You don't need a report to tell you that many American families are struggling to make ends meet -- and can only dream of the concept of saving. But in case you had any doubt, research released this week by the Consumer Federation of America (CFA) and Certified Financial Planner Board of Standards (CFP Board) confirmed it.
Oh, and one more tidbit for your "well, duh!" file: The survey also shows that those who have prepared a personal financial plan feel more confident and report more success managing money, savings, and investments than those who have not.
While the findings are more depressing than illuminating, they're none the worth sharing, just in case you want to refute someone who is delusional enough to think the economy is doing just fine.

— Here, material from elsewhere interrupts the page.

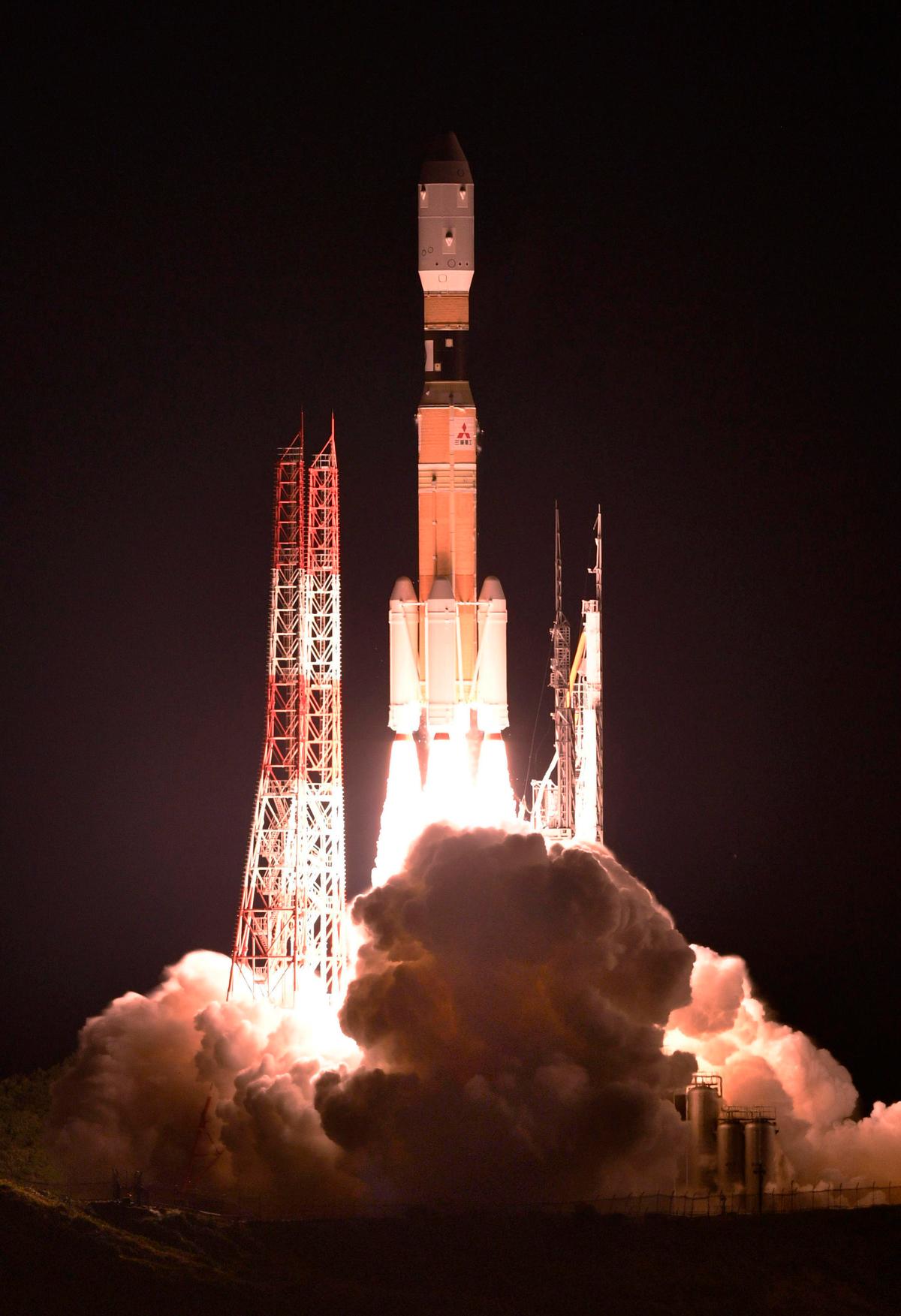 An H-2B rocket carrying the Kounotori 7 cargo spacecraft lifts off from Tanegashima Space Center in the southwestern Japan prefecture of Kagoshima, early Sept. 23, 2018. The unmanned Japanese space capsule is heading to the International Space Station with 5,500 kilograms (12,000 pounds) of cargo including food, experiments and new batteries. (By Kyodo News/AP)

Nearly two-fifths (38%) of the 1,508 household financial decision makers surveyed said they live paycheck-to-paycheck, up from 32% in 1997. Less than one-third (30%) indicated they felt comfortable financially -- down from 38% in 1997 -- and only about one-third (34%) think that they can afford to retire by age 65. The survey was conducted by Princeton Survey Research Associates International (PSRAI).
Those with financial plans -- and, I suspect, jobs -- feel better about their situations than those who don't have them. They're more likely to feel they are on pace to meet all of their financial goals, such as saving for retirement or for emergencies; feel "very confident" about managing money, savings, and investments; and are more likely to describe themselves as living comfortably.

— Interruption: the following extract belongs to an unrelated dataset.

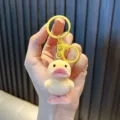 Cute yellow flocked duckling keychain pendant with a matching yellow plastic clip - Yellow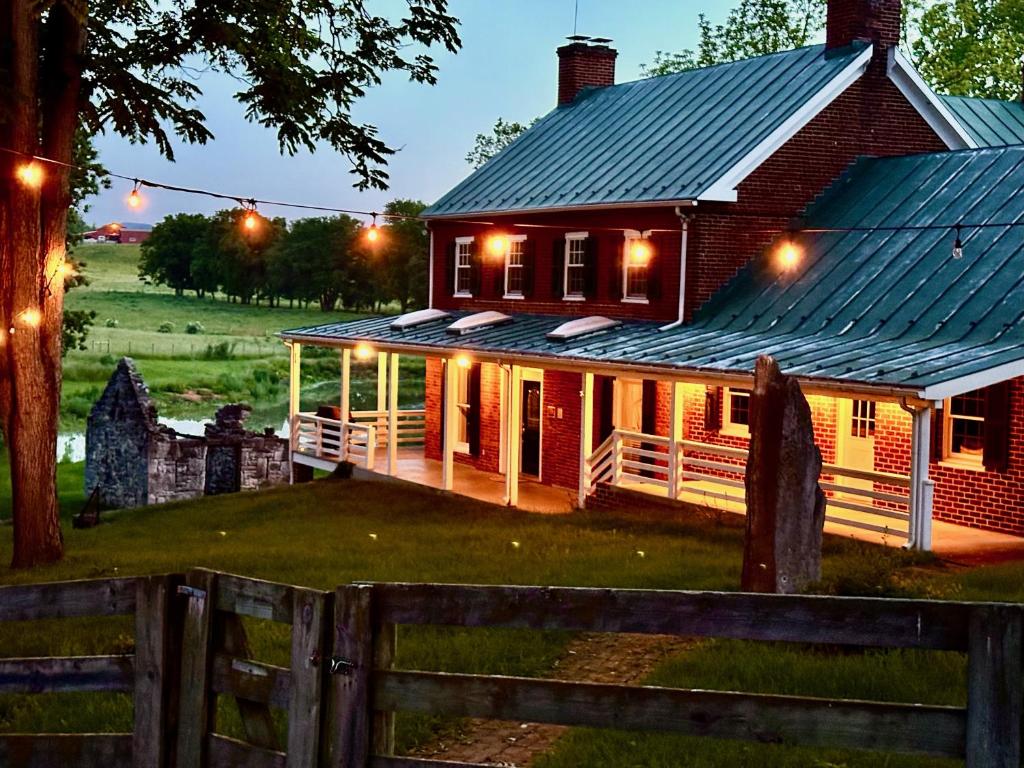 uma casa vermelha com um telhado de metal e uma cerca em Carriage Stone Farm & Horse Ranch em Luray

The problem is only 31% of respondents said they had a comprehensive financial plan. About two-thirds (65%), however, reported that they follow a plan for at least one of their savings goals.

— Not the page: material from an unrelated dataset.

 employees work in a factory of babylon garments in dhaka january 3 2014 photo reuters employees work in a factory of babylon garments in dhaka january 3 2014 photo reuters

The survey also found more than half of respondents said "it's hard for me to know who to trust for financial advice" (55%), "investing seems complicated" (52%), and "I'm worried about losing my money if I invest it" (55%).
Kevin R. Keller, CEO of CFP Board, called those fears understandable given recent revelations about financial fraud, and the manipulation and abuse of clients by dubious financial professionals. Do you agree? More importantly, do you think fear of investing is perpetuating this cycle of financial gloom-and-doom -- paycheck-to-paycheck living, with no real end in sight?